When this correspondent reached Maulana Asad’s home near Meenakshi Chowk in Muzaffarnagar town, his family had initially refused to talk.
“We are terrified. The police have told us not to speak to anyone,” a family member said.
She said the entire Muslim community in the area was living in fear. “One does not know when they will raid our homes at night and vandalise them,” she said.
“You will write about us and return to Delhi but we have to live here with our children. We are living in a time when we cannot open our mouths and narrate our plight.”
Asked whether the family had met senior district officials to complain against the police, she shot back: “When the police and the government have become oppressors, who do we go to?”
The Telegraph tried to get in touch with senior police officials of the district but the calls were not answered. The newspaper spoke to a senior official who declined to comment on the allegations against the police.
Congress politician Saeed, who alleges the police vandalised his farmhouse and torched his cars after the December 20 protest, described the plight of the detained madarsa students.
“They were abused, deprived of sleep, starved of food and water at times, shackled and barred from using the toilet. The authorities did not allow lawyers to see them,” he said.
“Some of them were asked to chant ‘Jai Shri Ram’. The police have now released around 90 of the students, including all the minors, after three days of detention. They have arrested 10 students on charges of rioting. They are now in judicial custody.”
Saeed said the madarsa was now deserted as almost all the students had fled to homes of relatives and acquaintances in various parts of Uttar Pradesh.
Mohammed Sattar, an eyewitness from the locality, said the protesters had begun gathering at Meenakshi Chowk from 2pm on December 20, after namaz, at a spot less than 500 metres from the madarsa.
“It was a peaceful protest and the organisers were in constant touch with the police. As the protesters began dispersing around 3.45pm-4pm, stones suddenly began raining,” he said.
“Nobody knows who started it. People ran helter-skelter. There was arson when the police started a baton charge. We don’t know who set the police vehicles on fire.”
Sattar said the police then went on the rampage and started thrashing people and vandalising shops in the Muslim neighbourhood.

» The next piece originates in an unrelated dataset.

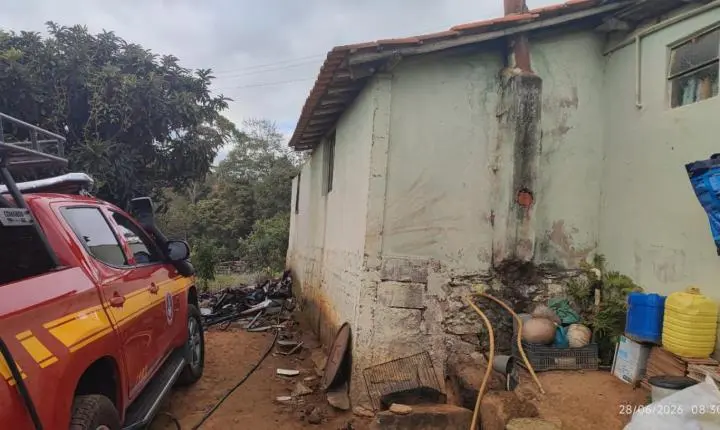 Incêndio destrói 75% de casa na zona rural de Ibertioga; não houve vítimas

“Some of the protesters ran and hid inside the madarsa. A group of policemen then barged in, beat the students mercilessly and rounded up almost all of them,” Sattar said.
“They entered Maulana Asad’s room where he was resting after the prayers. Neither he nor the students had participated in the demonstration.”
Sattar said the police dragged the maulana out, beat him and the students, bundled them into a van and whisked them away.
After their release on December 23, many of the students were shaking all over, he said. “I have never seen anyone so frightened in my life.”
Saeed, the Congress politician, said the situation had been normal on December 27 after the Friday prayers.
He said the police were pressuring the family of Noor Mohammad, 26, a hawker, who died of a bullet injury during the December 20 protest at Meenakshi Chowk.
Noor died in police firing, alleged his elder brother Umar. He said the police had refused to accept a complaint from him and Noor’s wife Shanno, 19.
“When we went to the police station, the cops said the complaint would not be accepted. They told us that Noor had died of bullets fired by the protesters — which is completely false,” Umar, who said he was at the protest spot with his brother, asserted.
The day labourer accused BJP and RSS supporters of inciting and executing the violence.
He said: “The police have not given us the post-mortem report. They did not allow his body to be buried here, saying it would lead to a communal flare-up. The body was buried near Meerut. We are illiterate people and fear that the cops might frame me in a criminal case.”